Step 1: Confirm Eligibility
Ensure your company meets the legal conditions for strike off:
- Not traded in the last 3 months
- No name change in the last 3 months
- No ongoing legal proceedings
- All debts and liabilities settled
Step 2: Finalise Tax Affairs
Prepare and submit final accounts and Corporation Tax return to HMRC. Ensure all Corporation Tax, VAT, and PAYE are paid and HMRC is notified of your intention to dissolve.
Step 3: Cease Business Operations
Stop trading, close business bank accounts, cancel all contracts, leases, and subscriptions. Distribute any remaining assets legally to shareholders before applying for dissolution.
Step 4: Complete DS01 Form
Fill in and sign the DS01 form (Application to Strike Off). The form must be signed by a majority of directors. Pay the £20 Companies House fee.

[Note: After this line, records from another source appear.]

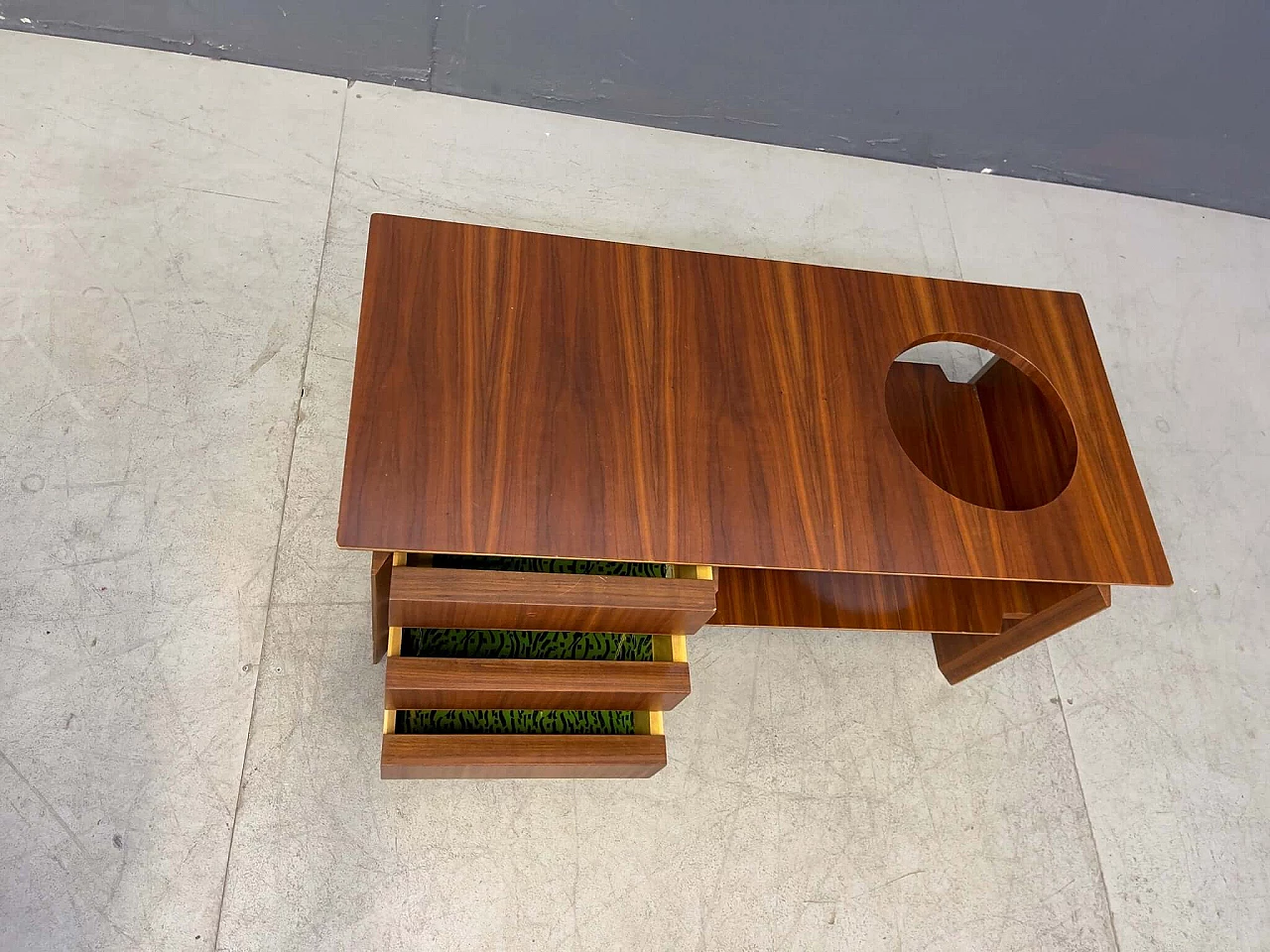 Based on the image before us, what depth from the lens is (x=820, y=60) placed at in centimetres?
218

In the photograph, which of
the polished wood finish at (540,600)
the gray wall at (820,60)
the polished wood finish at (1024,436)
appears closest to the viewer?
the polished wood finish at (540,600)

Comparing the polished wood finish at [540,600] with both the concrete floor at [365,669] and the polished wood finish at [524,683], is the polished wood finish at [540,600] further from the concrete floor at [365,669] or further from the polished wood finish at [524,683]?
the concrete floor at [365,669]

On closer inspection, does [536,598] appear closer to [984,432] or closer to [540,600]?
[540,600]

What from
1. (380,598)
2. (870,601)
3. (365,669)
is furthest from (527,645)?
(870,601)

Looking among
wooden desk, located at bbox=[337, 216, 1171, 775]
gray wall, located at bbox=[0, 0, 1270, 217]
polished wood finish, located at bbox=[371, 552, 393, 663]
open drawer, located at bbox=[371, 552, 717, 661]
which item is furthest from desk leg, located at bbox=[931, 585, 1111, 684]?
gray wall, located at bbox=[0, 0, 1270, 217]

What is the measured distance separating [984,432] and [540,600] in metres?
1.00

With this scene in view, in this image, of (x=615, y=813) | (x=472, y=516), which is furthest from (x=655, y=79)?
(x=615, y=813)

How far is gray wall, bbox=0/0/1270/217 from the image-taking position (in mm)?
2066

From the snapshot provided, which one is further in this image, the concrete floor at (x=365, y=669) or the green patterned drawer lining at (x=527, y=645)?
the concrete floor at (x=365, y=669)

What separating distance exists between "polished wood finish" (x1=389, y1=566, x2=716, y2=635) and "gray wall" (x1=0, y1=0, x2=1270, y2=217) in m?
1.47

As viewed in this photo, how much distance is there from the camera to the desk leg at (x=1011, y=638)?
141 cm

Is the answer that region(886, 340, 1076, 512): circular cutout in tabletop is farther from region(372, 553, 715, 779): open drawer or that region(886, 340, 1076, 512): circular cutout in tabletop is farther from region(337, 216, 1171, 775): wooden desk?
region(372, 553, 715, 779): open drawer

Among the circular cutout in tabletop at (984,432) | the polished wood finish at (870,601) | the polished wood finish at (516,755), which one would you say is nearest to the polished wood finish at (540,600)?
the polished wood finish at (516,755)

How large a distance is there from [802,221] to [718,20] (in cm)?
50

Step 5: Notify Interested Parties
You must notify HMRC, employees, creditors, landlords, banks, and other stakeholders within 7 days of submitting the DS01 form. Failure to do so may result in penalties.
Step 6: Companies House Gazette Notice
Companies House will publish a notice of strike-off in The Gazette. This begins a mandatory 2-month objection period.
Step 7: Objection Period
If no objections are raised by HMRC or creditors during the 2-month period, the process will continue. If objections are raised, you must resolve them before reapplying.
Step 8: Company Officially Dissolved
If no valid objections are made, Companies House will strike the company off the register. A final notice will be published in The Gazette. Your company will no longer legally exist.
Step 9: Record Retention
Directors must retain all financial and statutory records for at least 6 years post-dissolution. This includes tax returns, bank statements, and formal correspondence.